Tochter ritzt sich

  • Hallo Franz,
    Du scheinst das Problem zu kennen, oder weisst zumindest, wovon ich rede. Kannst du mir helfen, damit umzugehen? Von Borderline hat im Bezug auf meine 12jährige Tochter noch niemand gesprochen. Wir sind in einem Beratungszentrum zu "gesprächen".. Meine tochter macht keine "Therapie", sie hasst dieses Wort und alles, was dafür steht. Also führen wir Gespräche... Mal gemeinsam, öfter sie allein mit der Beraterin. Da diese nun von suizid- gefahr geredet hat, und die häufigkeit des ritzens zunimmt, suche ich Eltern, die ähnliches erlebt haben. Ich bin alleinerziehend und muss das irgendwie für mich geregelt kriegen..
    L G Christiane

  • Hallo Christiane,

    ich bin keine Mutter, aber ich bin eine Tochter. Und vielleicht kann ich dir auch ein wenig helfen, indem ich dir die Sicht einer Betroffenen vermitteln kann.

    Hast du eine Ahnung, warum deine Tochter sich selbst verletzt und sich auch das Leben nehmen möchte? Und warum steht deine Tochter einer Therapie so ablehnend gegenüber?

    Es ist gut, dass bei deiner Tochter noch niemand von Borderline gesprochen hat, denn diese Diagnose kann erst wirklich im Erwachsenenalter gestellt werden. :smiling_face:

    Hast du Fragen, was das SVV anbelangt?

  • Servus Christiane,

    das Problem kennen hier natürlich viele, doch vielleicht nicht unbedingt als Mama oder Eltern.
    Es freut mich dass du es bei uns versuchst, ob man direkt helfen kann wird sich zeigen, aber ich glaub du wirst bisserl Einblick in das Thema bekommen und das ist als Ma sehr wichtig.

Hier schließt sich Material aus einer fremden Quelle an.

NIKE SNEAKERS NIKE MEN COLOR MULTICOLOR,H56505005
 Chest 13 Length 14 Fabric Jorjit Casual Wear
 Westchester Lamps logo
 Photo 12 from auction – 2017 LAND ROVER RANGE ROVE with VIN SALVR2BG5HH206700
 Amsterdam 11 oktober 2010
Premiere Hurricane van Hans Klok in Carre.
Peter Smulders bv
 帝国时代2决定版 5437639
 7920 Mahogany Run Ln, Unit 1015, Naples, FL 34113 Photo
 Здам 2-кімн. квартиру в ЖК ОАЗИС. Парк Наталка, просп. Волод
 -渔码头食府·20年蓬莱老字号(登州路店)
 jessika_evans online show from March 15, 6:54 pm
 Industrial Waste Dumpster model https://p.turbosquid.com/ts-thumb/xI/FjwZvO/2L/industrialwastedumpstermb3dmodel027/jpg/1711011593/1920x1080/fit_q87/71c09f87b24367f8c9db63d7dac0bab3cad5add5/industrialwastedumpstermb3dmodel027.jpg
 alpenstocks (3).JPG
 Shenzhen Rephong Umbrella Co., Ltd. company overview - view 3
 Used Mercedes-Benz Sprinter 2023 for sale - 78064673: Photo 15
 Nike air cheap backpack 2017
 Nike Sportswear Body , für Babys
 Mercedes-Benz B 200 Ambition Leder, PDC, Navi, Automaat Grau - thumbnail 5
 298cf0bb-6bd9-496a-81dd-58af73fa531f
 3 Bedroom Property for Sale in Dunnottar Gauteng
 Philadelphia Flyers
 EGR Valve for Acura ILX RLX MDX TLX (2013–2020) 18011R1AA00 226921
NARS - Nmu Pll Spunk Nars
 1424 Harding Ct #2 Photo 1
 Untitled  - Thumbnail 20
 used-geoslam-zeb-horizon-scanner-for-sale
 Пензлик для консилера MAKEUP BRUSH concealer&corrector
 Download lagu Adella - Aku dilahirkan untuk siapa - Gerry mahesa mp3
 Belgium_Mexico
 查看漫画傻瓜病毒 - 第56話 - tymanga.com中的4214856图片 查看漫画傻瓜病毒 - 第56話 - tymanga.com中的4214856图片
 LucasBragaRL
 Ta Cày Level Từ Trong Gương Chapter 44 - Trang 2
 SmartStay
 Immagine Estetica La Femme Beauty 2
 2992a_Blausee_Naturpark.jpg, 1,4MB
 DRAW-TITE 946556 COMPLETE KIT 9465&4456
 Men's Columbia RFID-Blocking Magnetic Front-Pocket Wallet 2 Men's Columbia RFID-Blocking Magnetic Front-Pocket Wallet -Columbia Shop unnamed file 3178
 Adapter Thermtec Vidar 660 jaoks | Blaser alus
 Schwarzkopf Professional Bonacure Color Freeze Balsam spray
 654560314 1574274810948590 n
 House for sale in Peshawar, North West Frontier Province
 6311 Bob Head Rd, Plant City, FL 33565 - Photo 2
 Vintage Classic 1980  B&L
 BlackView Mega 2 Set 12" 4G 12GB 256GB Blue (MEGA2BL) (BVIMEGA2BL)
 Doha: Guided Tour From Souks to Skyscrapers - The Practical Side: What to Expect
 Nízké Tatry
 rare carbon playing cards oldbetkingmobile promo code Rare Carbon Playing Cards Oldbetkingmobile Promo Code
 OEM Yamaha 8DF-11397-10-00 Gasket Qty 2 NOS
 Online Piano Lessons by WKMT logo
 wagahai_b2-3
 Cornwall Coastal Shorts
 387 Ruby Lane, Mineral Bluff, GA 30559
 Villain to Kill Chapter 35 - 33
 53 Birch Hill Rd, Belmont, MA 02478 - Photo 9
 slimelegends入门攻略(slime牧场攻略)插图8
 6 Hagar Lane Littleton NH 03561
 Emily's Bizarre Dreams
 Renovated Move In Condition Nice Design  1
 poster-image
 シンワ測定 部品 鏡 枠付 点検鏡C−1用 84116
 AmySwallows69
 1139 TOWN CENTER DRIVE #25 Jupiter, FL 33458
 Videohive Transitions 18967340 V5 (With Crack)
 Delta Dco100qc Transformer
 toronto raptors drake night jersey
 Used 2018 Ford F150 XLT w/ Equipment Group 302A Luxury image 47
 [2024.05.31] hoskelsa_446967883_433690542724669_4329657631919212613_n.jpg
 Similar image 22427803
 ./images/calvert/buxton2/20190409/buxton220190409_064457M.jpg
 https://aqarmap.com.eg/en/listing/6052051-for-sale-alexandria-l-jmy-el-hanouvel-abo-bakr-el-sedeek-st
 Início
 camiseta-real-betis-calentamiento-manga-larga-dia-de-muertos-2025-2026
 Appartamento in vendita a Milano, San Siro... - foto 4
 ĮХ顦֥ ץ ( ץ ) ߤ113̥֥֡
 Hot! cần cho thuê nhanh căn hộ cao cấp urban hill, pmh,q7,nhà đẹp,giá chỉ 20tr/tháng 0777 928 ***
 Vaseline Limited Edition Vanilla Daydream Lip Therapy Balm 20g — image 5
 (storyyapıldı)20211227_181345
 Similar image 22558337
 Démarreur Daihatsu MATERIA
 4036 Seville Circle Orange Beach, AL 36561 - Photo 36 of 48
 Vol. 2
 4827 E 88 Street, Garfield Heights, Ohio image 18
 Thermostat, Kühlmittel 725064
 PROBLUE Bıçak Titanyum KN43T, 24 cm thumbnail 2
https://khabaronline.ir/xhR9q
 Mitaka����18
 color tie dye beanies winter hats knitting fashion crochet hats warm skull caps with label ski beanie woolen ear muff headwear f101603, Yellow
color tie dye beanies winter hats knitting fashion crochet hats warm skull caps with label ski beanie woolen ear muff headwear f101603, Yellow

    Wer spricht von Suizidgefahr?
    Die Beraterin? Von was leitet sie das ab?

    Das wegen "Therapie" löst ihr schon mal super, Gespräche sind es ja und der Begriff kann für deine Tochter wirklich viel ausmachen. Viele haben Abneigung gegen Therapie, man wird ja als doof abgestempelt, leider ist die Allgemeinmeinung dazu immer noch unter aller Sau.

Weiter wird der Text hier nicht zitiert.